On certification to the Superior Court, Appellate Division. Steven E. Braun, Chief Assistant Prosecutor, argued the cause for appellant (James F. Avigliano, Passaic County Prosecutor, attorney).


(This syllabus is not part of the opinion of the Court. It has been prepared by the Office of the Clerk for the convenience of the reader. It has been neither reviewed nor approved by the Supreme Court. Please note that, in the interests of brevity, portions of any opinion may not have been summarized.)

The issue in this appeal is whether a telephone call to a police dispatcher by a seventeen-year-old reporting that her father was drunk and driving provided a constitutional basis to stop defendant's vehicle.

The parties stipulated to the facts for the purpose of deciding defendant Paul Amelio's motion to suppress the evidence. On December 11, 2005, at approximately 12:30 a.m., Clifton Patrol Officers Peter A. Turano and Carmen Bermudez were dispatched to defendant's home on Patricia Place to investigate a domestic disturbance between defendant and his seventeen-year-old daughter. The daughter initially had called police to report a verbal dispute. While the officers were en route, dispatch advised that the daughter had called back stating that her father was drunk and leaving the home driving a black Oldsmobile. She also gave the vehicle's license plate number.

Officer Turano observed a vehicle matching that description turn onto Patricia Place. He pulled his marked patrol car behind defendant's Oldsmobile, which had stopped on the side of the road. After approximately five seconds, defendant drove away. The officers followed, activated their siren and lights, and stopped behind defendant's vehicle after he pulled into his driveway. Defendant was charged with driving while intoxicated and refusing to submit to a breathalyzer test.

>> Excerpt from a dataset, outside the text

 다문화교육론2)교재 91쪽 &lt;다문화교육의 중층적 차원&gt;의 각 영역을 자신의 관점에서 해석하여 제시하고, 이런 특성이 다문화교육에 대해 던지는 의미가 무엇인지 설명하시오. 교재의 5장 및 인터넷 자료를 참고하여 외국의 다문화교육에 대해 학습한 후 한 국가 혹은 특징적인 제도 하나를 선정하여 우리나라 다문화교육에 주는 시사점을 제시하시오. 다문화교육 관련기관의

The municipal court judge denied defendant's motion challenging the legality of the stop. Following a de novo review, the Law Division reversed, finding that the police did not have reasonable suspicion to stop defendant's vehicle. In an unpublished decision, the Appellate Division affirmed. The panel reasoned that there was no evidence that defendant operated his vehicle erratically, and it had no way of knowing what the term "drunk" meant to a seventeen-year-old immediately following a "verbal dispute" with her father.

The Supreme Court granted the State's petition for certification. 193 N.J. 587 (2007).

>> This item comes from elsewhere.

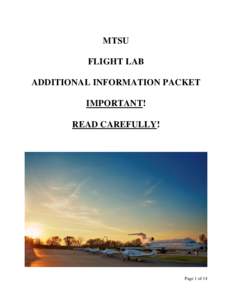 MTSU FLIGHT LAB ADDITIONAL INFORMATION PACKET IMPORTANT! READ CAREFULLY!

HELD: Based on the report to dispatch by defendant's seventeen-year-old daughter, who identified herself, reported that her father was driving drunk, described the vehicle, and exposed herself to criminal prosecution if her report was knowingly false, there was reasonable and articulable suspicion of an offense to support a constitutional motor vehicle stop by the police.

1. It is well established that the investigative stop of an automobile by police constitutes a seizure that implicates constitutional protections against unreasonable searches and seizures. A lawful stop must be based on reasonable and articulable suspicion that an offense has been or is being committed. That standard requires some minimal level of objective justification for making the stop.The officer must be able to point to specific facts which, taken together with reasonable inferences that the officer is entitled to draw in light of his experience, reasonably warrant the intrusion. (pp. 4-5)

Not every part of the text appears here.